The toast snafu forgotten, Luisa was quiet as she reached for an apple in the pantry. Then, as she walked from the room, Luisa said, “Well, I am not the good at English. But I will not get the better until I try, hmm?” The room was quiet as she left. The rain pattered on the window pane. I pulled my laptop towards me, said goodbye to Air Lingus Flights as I closed the Internet tab, and pulled up a Ted Talk about sucking it up. It was time to try to get the better.

I went into work the next day determined to try. No longer would I go day to day lost in my own vision of success. I quickly came to realize that if I was going to be as good as they wanted me to be, I needed to know what they wanted me to be. To know this, I had to listen.

And listen I did. I double-checked with my supervisor on every instruction given. It became vital to me that I understood others as they wished to be understood. I listened, and every week’s end, I asked my supervisor whether I’d shown improvement. As I did this, my supervisor’s words ceased to be charmingly unintelligible; I began to speak as he spoke because I had sought to hear him as he wished to be heard. Wee Scots words started blooming in my conversation; seeds of shared purpose grew in the cracks of my previous misunderstandings. I focused on the small things—listening, being respectful, looking for their point of view so that I could see through it, too. Slowly, the small things improved.

But it wasn’t only the small things, was it? Or rather, it was the small things leading me to understand that what I was missing was one big thing, as overarchingly key to professional success as the Scottish sky was grey. I had lacked empathy. I began to see my colleagues as my friends, their work as my cause, their passion as my mission. Empathy—this capacity to understand what another person was experiencing from their frame of reference—was why flags still waved over Culloden, why tartan-edged wreaths sat below grave cairns, why thyme sprigs still meant courage and listening meant caring. We wish to walk a mile in another clansman’s kilt.
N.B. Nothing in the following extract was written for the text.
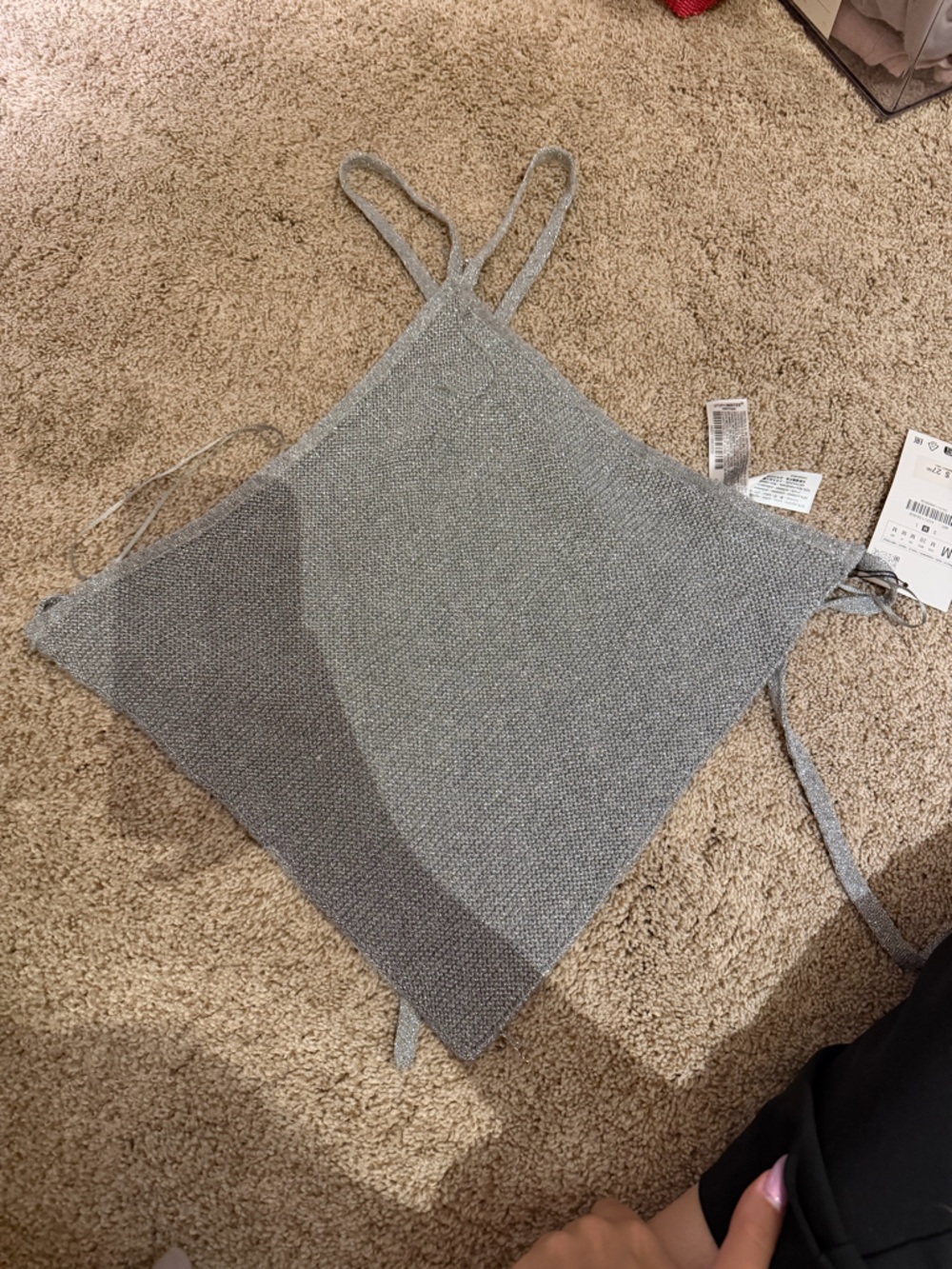 Zara Silver Gray Knit Tank Top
Scottish landscape with several gravestones

I stand now, watching empathy at work in the people walking the battlefield. The view is different here than when I stood on the bluff above. I can more fully hear the guide, smell the peaty heather, feel the history that seeps through the rocky ground. The people are listening—to the land, to the tour guide, to the wind that whistles much as it did 273 years ago when the Jacobite Scottish clansmen took their stance in empathetic support of each other’s cause. Brushing past wild thyme as I walk, I sense the bravery it lends my heart as I approach my next step, and the next. I am listening, now, too.